Quando cheguei a Moçambique montei casa, e nas práticas locais casa envolve empregada, e guarda, e jardineiro… E nas práticas locais ser senhora tem regra, faz assim, e assim… e ouvia eu todos os dias:
- Mas senhora… Senhora não sabe afinal? – seguia-se um olhar de soslaio, um desdém que afirmava categoricamente, “esta senhora nem sabe ser senhora!”
E cada dia sentia mais forte este meu destalento para senhoriar casa em África.
- Senhora, não tem pilão aqui em casa.
- Senhora, não tem ralador de coco aqui em casa.

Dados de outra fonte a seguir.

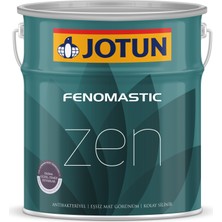 Jotun Fenomastic Zen Silinebilen Antibakteriyel Duvar Boyası 13,5lt
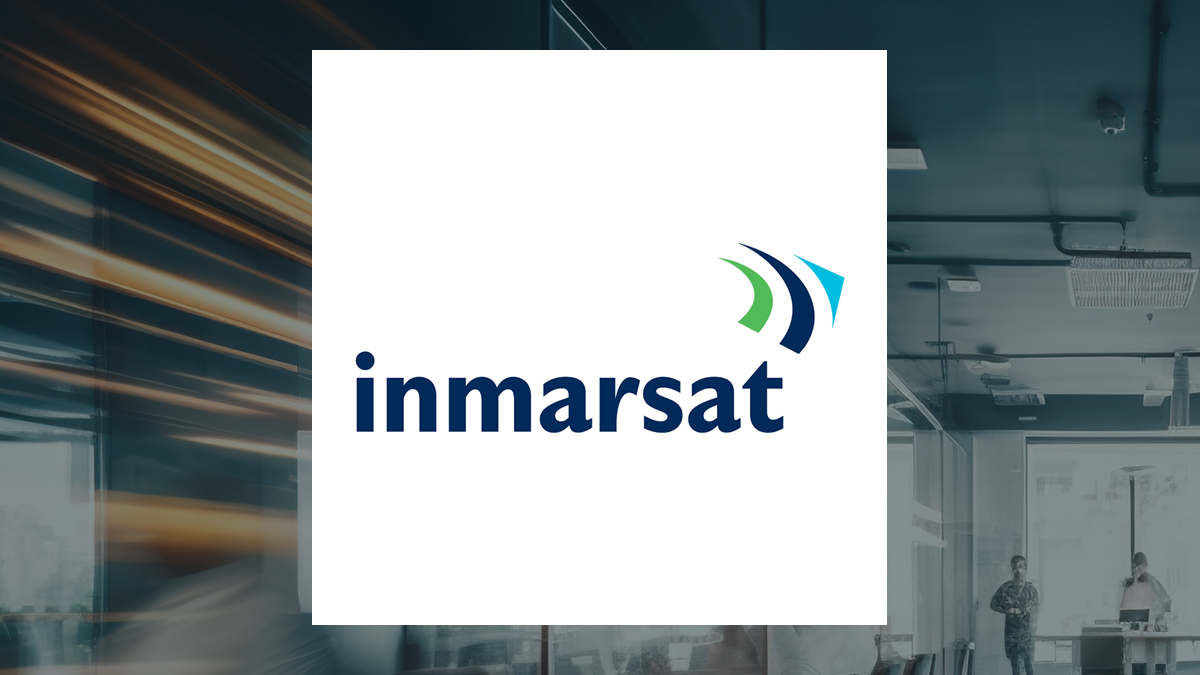 Inmarsat logo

- Senhora, não tem fogão de carvão.
- Senhora, não tem esteira….
A cada uma destas afirmações seguia-se a minha expressão aberta, a minha interrogação escandalosa. Eu se na grande maioria das vezes não sabia de que falava Leontina, numa minoria das vezes pensava que sim e arriscava e na totalidade destas tentativas eu… falhava.

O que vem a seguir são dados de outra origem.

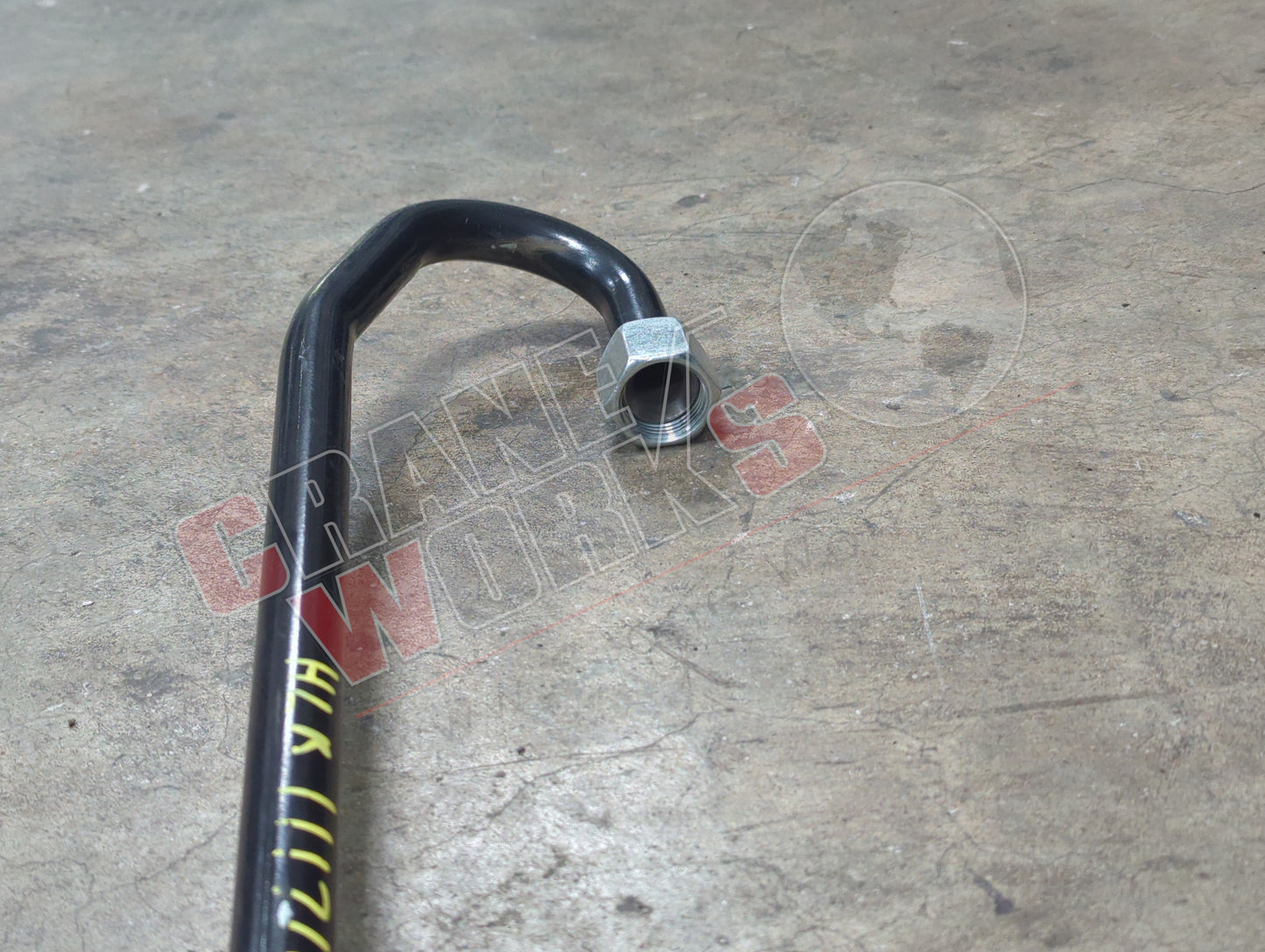 HLR11171JI | New Hydraulic Line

- Senhora aqui nessa casa nem peneira não tem!
Eu não sabia. E na verdade como nas mais profundas aprendizagens da vida o entendimento de tudo isto só chega mesmo mais tarde. Sim, claro que com a ajuda da empregada a casa passou a ter todas estas coisas, mas na minha cabeça a função delas era… misteriosa. Não tanto a funcionalidade, um pilão de inicio estranha-se mas depois vê-se bem para que serve. Ou não… um utensílio em casa africana não é apenas isso. O que me parecia ver nos olhos de Leontina é verdade, para ela uma casa sem estas coisas nem é casa!
Visitei Nampula. Viajo sempre.
E em Nampula encontramos outro povo.
O povo da floresta, que tece com ervas a vida.
O povo dos Grandes Lagos, que peneira entre ervas seus grãos de vida.
O povo do sorriso que habita muito Moçambique. Espalhado pelas terras, junto aos lagos e na costa, entre as melhores comidas e as magias mais densas.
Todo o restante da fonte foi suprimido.